This project involves exploring the U.S. National Oceanic and Atmospheric Administration’s (NOAA) storm database to identify the type of storms that have a major impact on public health and economy. In this report, we have quantified the impact on public health as a function of public fatalities and injuries and economic impact as a function of property and crop damage. From our analysis, we concluded that Tornados and Floods cause the most damage to public health and economy respectively.
The data for this project came from the U.S. National Oceanic and Atmospheric Administration’s (NOAA) storm database. Storm Data
Documentation for this data is also available at Storm Data Documentation
library(dplyr)
library(ggplot2)
We will first download the data from the download link.
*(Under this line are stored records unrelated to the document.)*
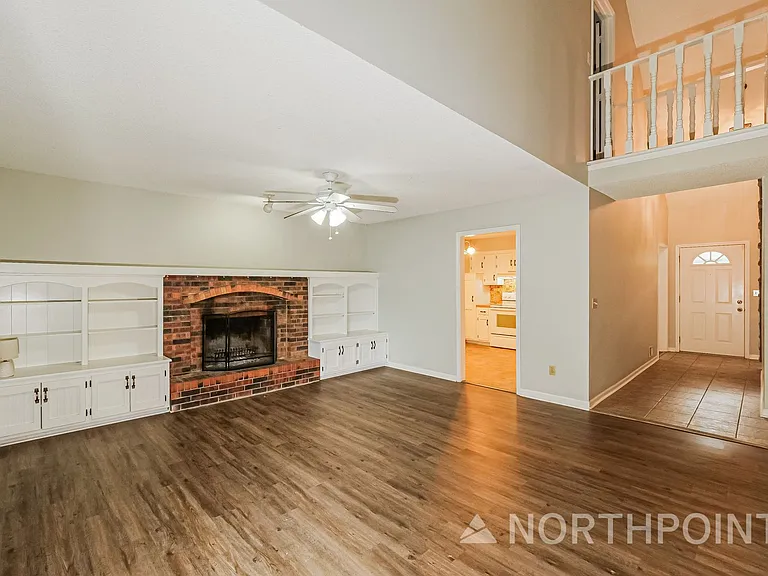 601 SE Richardson Pl — Photo 3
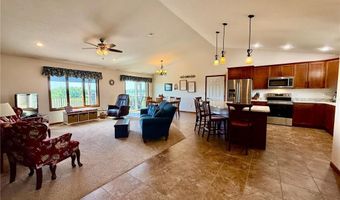 1798 Tiger Ridge Dr, Albert Lea, MN 56007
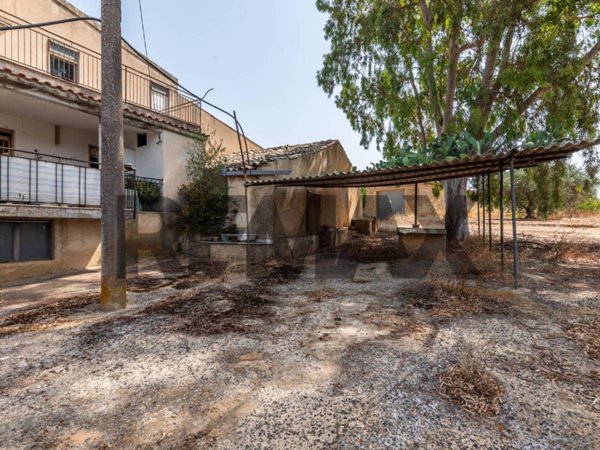 casa indipendente in vendita a Caltagirone in zona Piano San Paolo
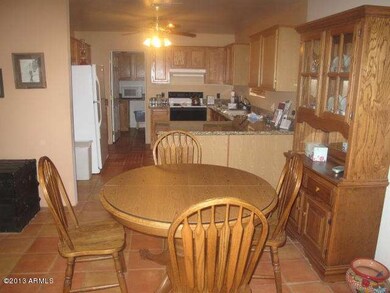 Kitchen & Dining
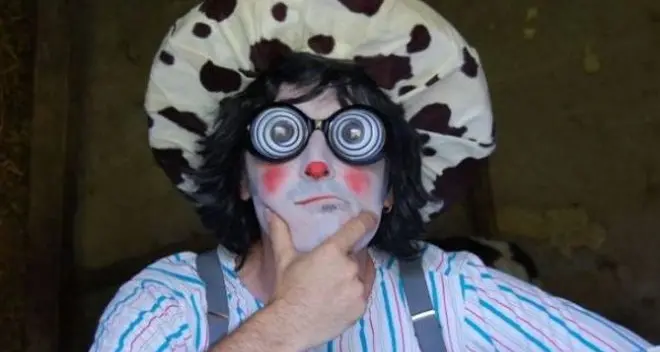 Lascia la divisa per il naso da clown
Then we will read the data from the bz2 compressed comma separated raw file into an R object.
## Download the data file
fl_nm = "storm_data.csv.bz2"
if(!file.exists(fl_nm)) {
download.file("https://d396qusza40orc.cloudfront.net/repdata%2Fdata%2FStormData.csv.bz2",fl_nm)
}
## Read the data
strm_dt <- read.csv("storm_data.csv.bz2",stringsAsFactors = FALSE)
After reading the data, we will summarize the R object to familiarize ourselves with the data.
str(strm_dt)
## 'data.frame': 902297 obs. of 37 variables:
## $ STATE__ : num 1 1 1 1 1 1 1 1 1 1 ...
## $ BGN_DATE : chr "4/18/1950 0:00:00" "4/18/1950 0:00:00" "2/20/1951 0:00:00" "6/8/1951 0:00:00" ...
## $ BGN_TIME : chr "0130" "0145" "1600" "0900" ...
## $ TIME_ZONE : chr "CST" "CST" "CST" "CST" ...
## $ COUNTY : num 97 3 57 89 43 77 9 123 125 57 ...
## $ COUNTYNAME: chr "MOBILE" "BALDWIN" "FAYETTE" "MADISON" ...
## $ STATE : chr "AL" "AL" "AL" "AL" ...
## $ EVTYPE : chr "TORNADO" "TORNADO" "TORNADO" "TORNADO" ...
## $ BGN_RANGE : num 0 0 0 0 0 0 0 0 0 0 ...
## $ BGN_AZI : chr "" "" "" "" ...
## $ BGN_LOCATI: chr "" "" "" "" ...
## $ END_DATE : chr "" "" "" "" ...
## $ END_TIME : chr "" "" "" "" ...
## $ COUNTY_END: num 0 0 0 0 0 0 0 0 0 0 ...
## $ COUNTYENDN: logi NA NA NA NA NA NA ...
## $ END_RANGE : num 0 0 0 0 0 0 0 0 0 0 ...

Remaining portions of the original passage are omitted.